● **Crawled caption data**
--- START ---

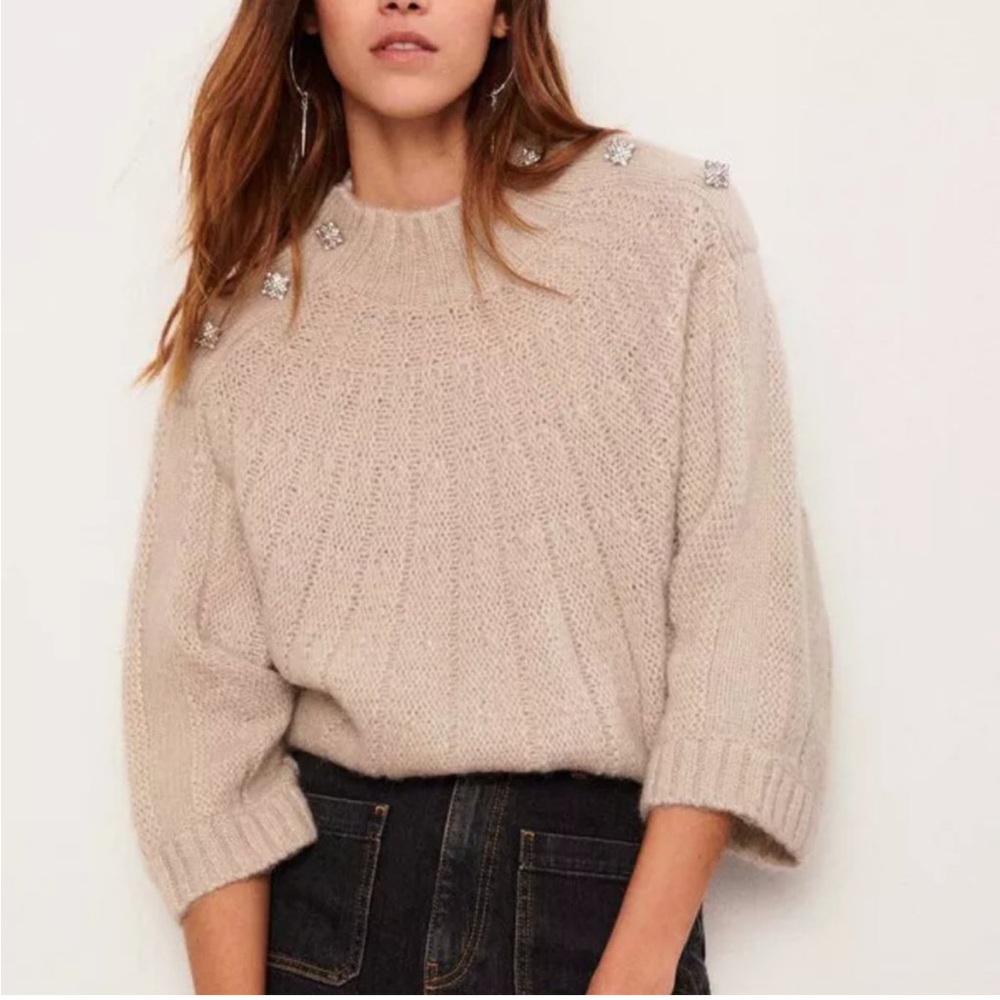 BA&SH Barthy Wool Sweater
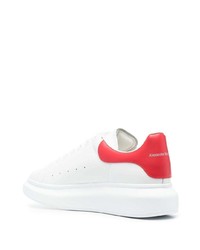 Baskets basses en cuir blanches Alexander McQueen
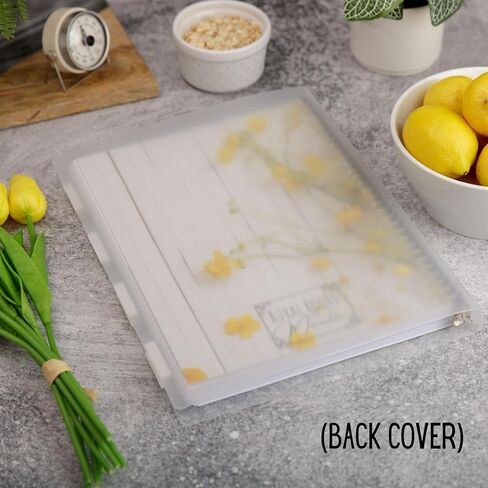 Recipe Book to Write in Your Own Recipes | Recipe Binder | Family Recipe Book Binder | Blank Recipe Books to Write In | Blank Cookbook | Blank Recipe Book | Recipe Journal | 8.5" x 11" Recipe Notebook in Saudi Arabia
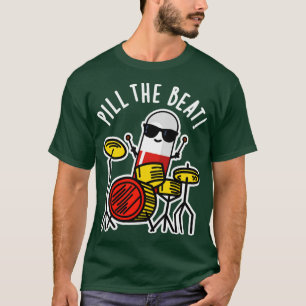 Pill the Beat Niedlich Medicine Music Puff T-Shirt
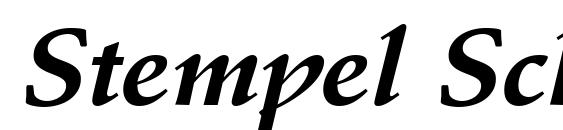 Шрифт Stempel Schneidler LT Bold Italic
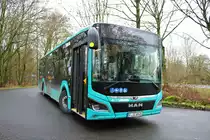 Nagelneuer ICB MAN Lions City Wagen 535 am 21.12.20 in Frankfurt am Main Bergen Ost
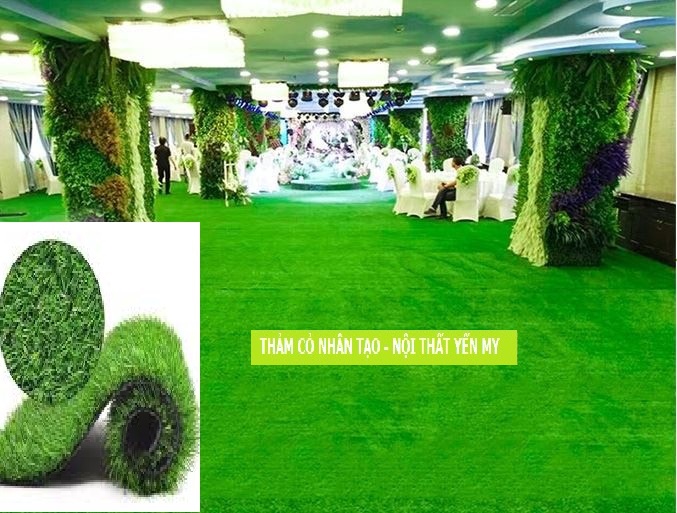 5 M² Thảm cỏ nhân tạo. Kích Thước 2m*2.5m CAO 2cm Loại đẹp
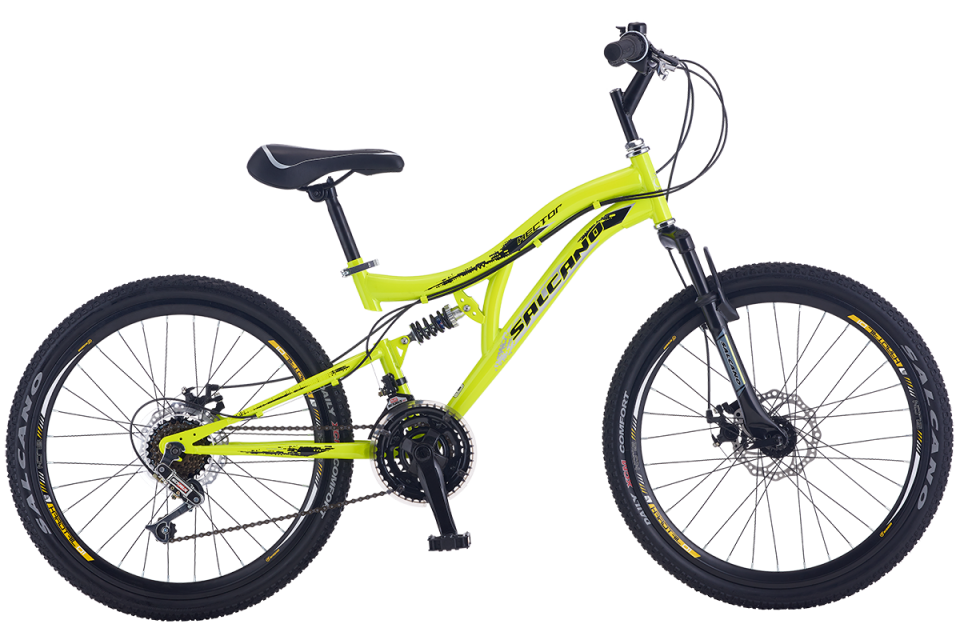 Salcano Hector 24 Jant Mekanik Disk Fren Dağ Bisikleti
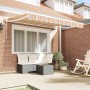 Toldo Retráctil Manual Rayas Multicolor 250x200 cm tela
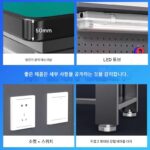 고강도 냉간 압연 강철로 견고하고 내구성이 뛰어난 두꺼워진 하중 지지 작업대 - 이미지 4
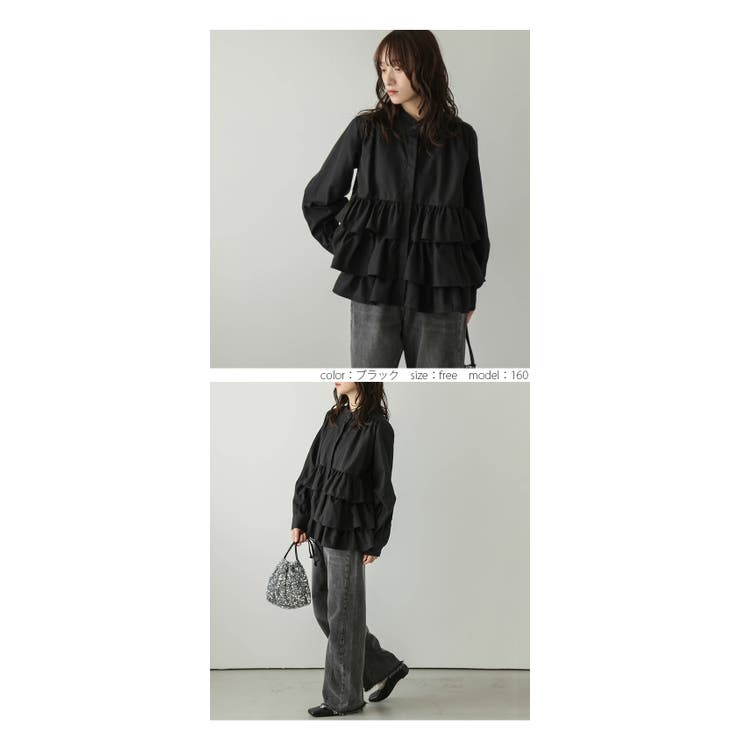 ブラウス フリル ティアード | AMELY | 詳細画像13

--- END ---

● **How to complete this task**
The answer is the run of lines from the one with "고강도 냉간 압연 강철로" through the final line of the data, copied exactly, and nothing else; no pictures.

● **Exercise answer**
 고강도 냉간 압연 강철로 견고하고 내구성이 뛰어난 두꺼워진 하중 지지 작업대 - 이미지 4
 ブラウス フリル ティアード | AMELY | 詳細画像13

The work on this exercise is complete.